Python Masterclass: Implementing Hybrid Search in OpenSearch
Go from theory to code. Build a production-ready Python client for OpenSearch Hybrid Search, including score normalization and pipeline management.
Python: Implementing Hybrid Search
We have reached the culmination of Module 7. You have seen the architecture, the mappings, and the decision frameworks for OpenSearch. Now, we write the code.
In this lesson, we will build a complete Python search client. We will go through the process of:
- Creating a Search Pipeline for normalization.
- Ingesting documents with text and vectors.
- Executing a Hybrid Query that targets both the inverted index and the k-NN index.
- Handling the results in a way that respects the RRF (Reciprocal Rank Fusion) ranking.
1. Prerequisites: The "Search Pipeline"
Before we can run a hybrid query in Python, we must ensure OpenSearch is configured to merge the scores. We do this once during the setup of our application.
from opensearchpy import OpenSearch
client = OpenSearch(hosts=[{'host': 'localhost', 'port': 9200}], http_auth=('admin', 'admin'))
def create_search_pipeline():
pipeline_id = "norm-pipeline"
pipeline_body = {
"description": "Normalize scores for hybrid search",
"phase_results_processors": [
{
"normalization": {
"normalization": {"technique": "min_max"},
"combination": {
"technique": "arithmetic_mean",
"parameters": {"weights": [0.3, 0.7]} # 30% Keywords, 70% Vectors
}
}
}
]
}
client.transport.perform_request('PUT', f'/_search/pipeline/{pipeline_id}', body=pipeline_body)
print(f"Pipeline '{pipeline_id}' created.")
# create_search_pipeline()
2. Setting Up the Index Mapping
We need an index that supports both text (for Keywords) and knn_vector (for Semantic).
def create_hybrid_index(index_name):
settings = {
"settings": {"index": {"knn": True}},
"mappings": {
"properties": {
"content_text": {"type": "text"},
"content_vector": {
"type": "knn_vector",
"dimension": 1536,
"method": {
"name": "hnsw",
"space_type": "cosinesimil",
"engine": "nmslib"
}
},
"metadata": {"type": "keyword"}
}
}
}
client.indices.create(index=index_name, body=settings)
3. The Hybrid Search Function
This is the core of your application. Notice how we pass the query twice: once as strings for the keyword engine and once as vectors for the AI engine.
def search_hybrid(query_text, query_vector, index_name="my_index"):
search_query = {
"size": 5,
"query": {
"hybrid": {
"queries": [
{
"match": {
"content_text": query_text
}
},
{
"knn": {
"content_vector": {
"vector": query_vector,
"k": 10
}
}
}
]
}
}
}
# Passing the pipeline via params
response = client.search(
index=index_name,
body=search_query,
params={"search_pipeline": "norm-pipeline"}
)
return response['hits']['hits']
4. Handling Results: The Metadata Advantage
Unlike Pinecone, where you often just get IDs, OpenSearch returns the full source document. This allows you to build rich UIs immediately.
results = search_hybrid("password reset", [0.12, 0.33, ...])
for hit in results:
score = hit['_score']
text = hit['_source']['content_text']
category = hit['_source']['metadata']
print(f"[{score:.4f}] Category: {category}")
print(f"Content: {text[:100]}...")
print("-" * 30)
5. The "Enterprise" Tip: Bulk Helpers
When dealing with large enterprise datasets, don't use the standard index() method. Use the helpers.bulk method. It is 10x faster and handles retries automatically.
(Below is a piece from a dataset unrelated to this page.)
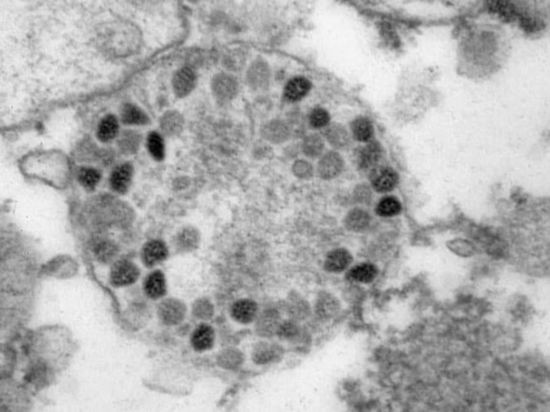 Первые случаи омикрон-штамма коронавируса выявили в Новосибирской области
from opensearchpy import helpers
def bulk_ingest(docs):
actions = [
{
"_index": "my_index",
"_source": doc
}
for doc in docs
]
helpers.bulk(client, actions)
Summary and Module 7 Wrap-up
You have completed the transition to Enterprise Vector Search.
- Architecture: You understand that OpenSearch is a document store + a keyword engine + a vector database.
- Configuration: You can define
knn_vectormappings and hardware engines (nmslib/faiss). - Logic: You can implement Hybrid Retrieval using normalization and RRF.
- Code: you have a working Python pattern for production search pipelines.
What's Next?
In Module 8: CRUD Operations in Vector Databases, we go back to basics but with a "Production" twist. We will learn how to handle updates (UPSERTS), deletions, and the terrifying problem of Re-indexing when your model changes.
Exercise: Building a Re-ranker Hook
Modify the search_hybrid function above:
- Retrieve the top 20 results using the hybrid query.
- If the highest score is below 0.5, print a warning: "Low confidence result."
- Look into the
rank_featuresfield in OpenSearch. How could you add "User Popularity" as a third signal in your hybrid search?